## What is being asked
Here is a listing, set out below; repeat its lines from the one with "Rona Midi Dress" to the last, both included, and leave out the pictures.

## Exercise material
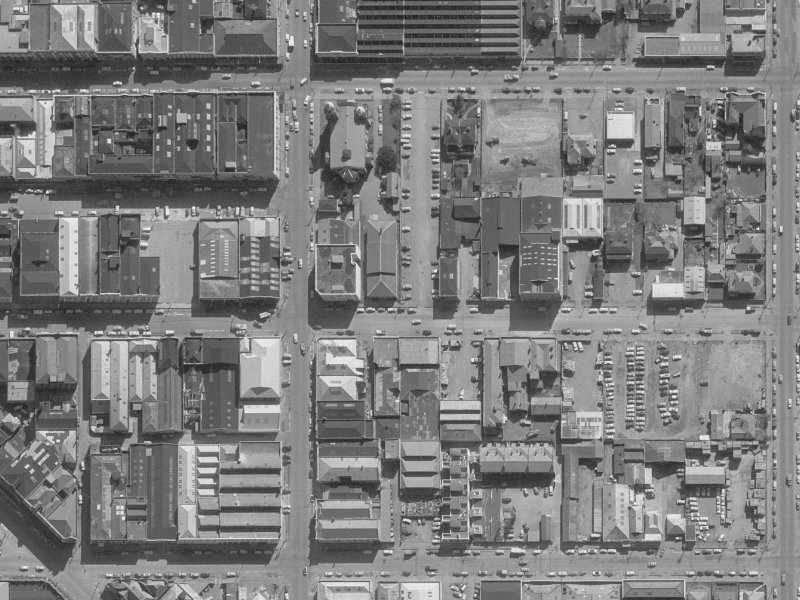 153 Lichfield Street from the air, 1960-1964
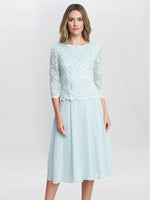 Rona Midi Dress With Lace Bodice & Chiffon Skirt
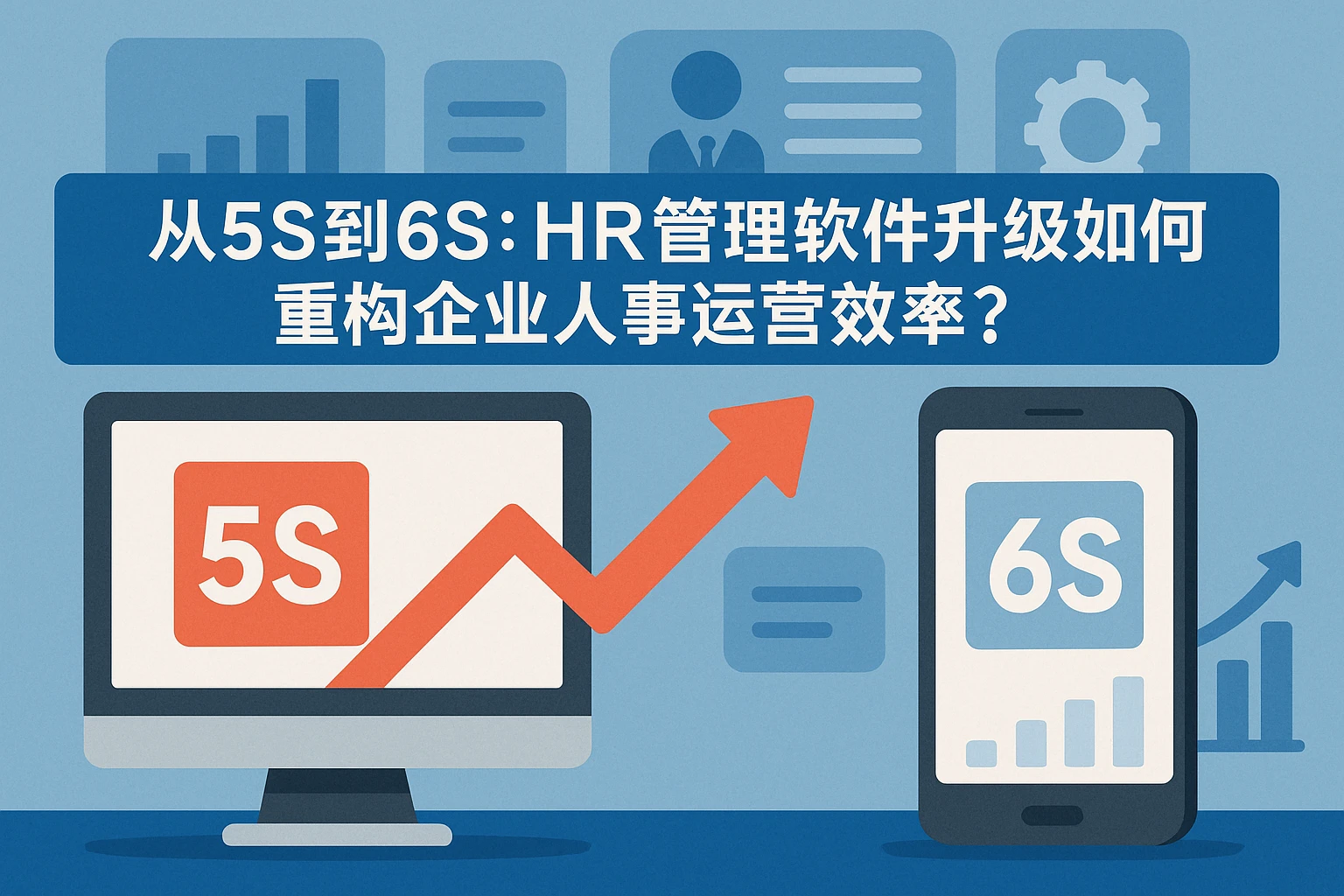 从5S到6S：HR管理软件升级如何重构企业人事运营效率？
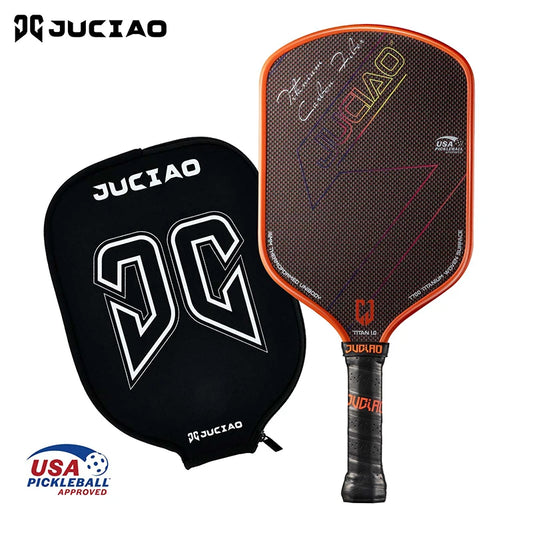 JUCIAO USAPA Approved Titanium Woven Surface Pickleball For Spin And Control Foam Injected Edges Thermoformed Pickleball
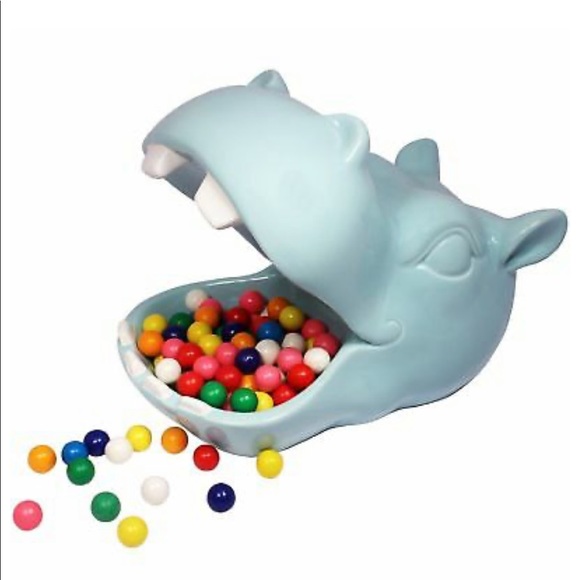 Other - Blue Hiippo Candy Dish/Decor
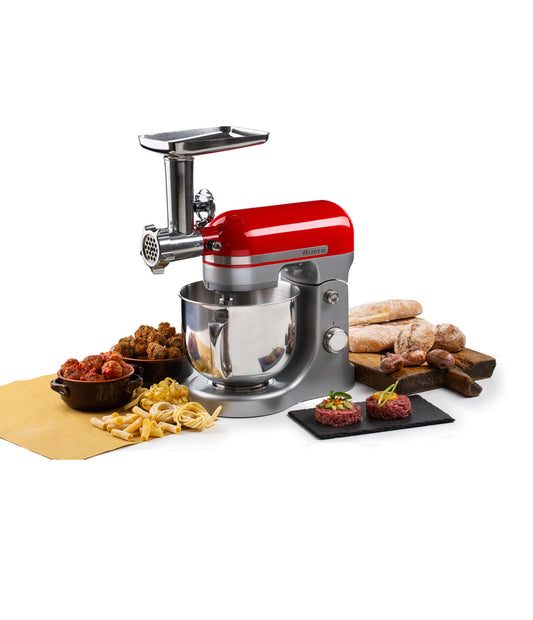 Accessori per Impastatrice Moderna mod.1589
4079/00
Kit di accessori da utilizzare con l’impastatrice moderna mod. 1589: tritacarne, insaccatrice e trafila pasta.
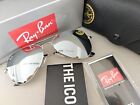Ray-ban Rb3025 Aviator Sunglasses Silver Frame Silver Lens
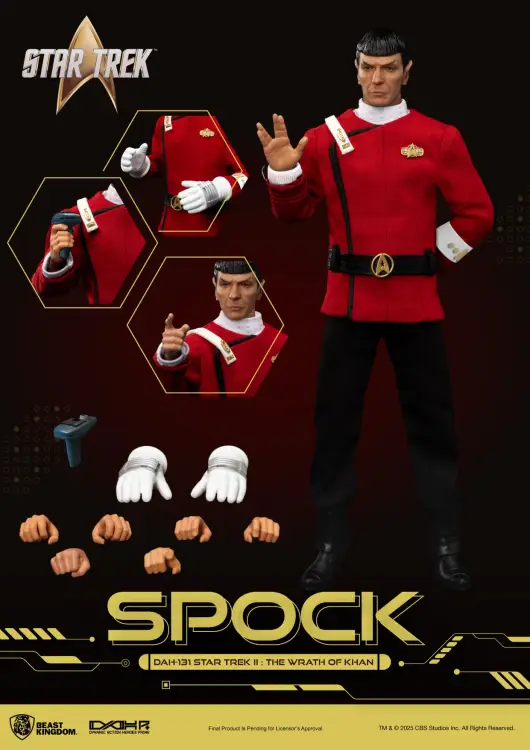 Beast Kingdom - STAR TREK THE WRATH OF KHAN - Spock - Figure 20.5cm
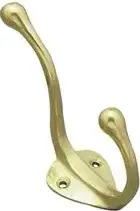 Superior Brass Hat Coat Hook PB 100mm SUP3043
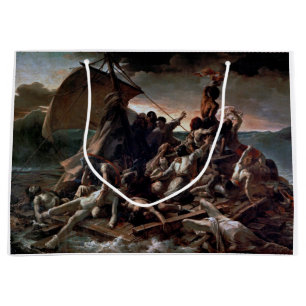 Sacola Para Presentes Grande O bote da Medusa, Theodore Gericault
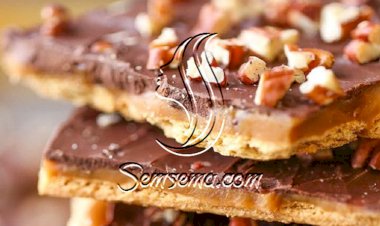طريقة عمل بسكويت بالكراميل والشوكولاته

## Answer to this task
 Rona Midi Dress With Lace Bodice & Chiffon Skirt
 从5S到6S：HR管理软件升级如何重构企业人事运营效率？
 JUCIAO USAPA Approved Titanium Woven Surface Pickleball For Spin And Control Foam Injected Edges Thermoformed Pickleball
 Other - Blue Hiippo Candy Dish/Decor
 Accessori per Impastatrice Moderna mod.1589
4079/00
Kit di accessori da utilizzare con l’impastatrice moderna mod. 1589: tritacarne, insaccatrice e trafila pasta.
Ray-ban Rb3025 Aviator Sunglasses Silver Frame Silver Lens
 Beast Kingdom - STAR TREK THE WRATH OF KHAN - Spock - Figure 20.5cm
 Superior Brass Hat Coat Hook PB 100mm SUP3043
 Sacola Para Presentes Grande O bote da Medusa, Theodore Gericault
طريقة عمل بسكويت بالكراميل والشوكولاته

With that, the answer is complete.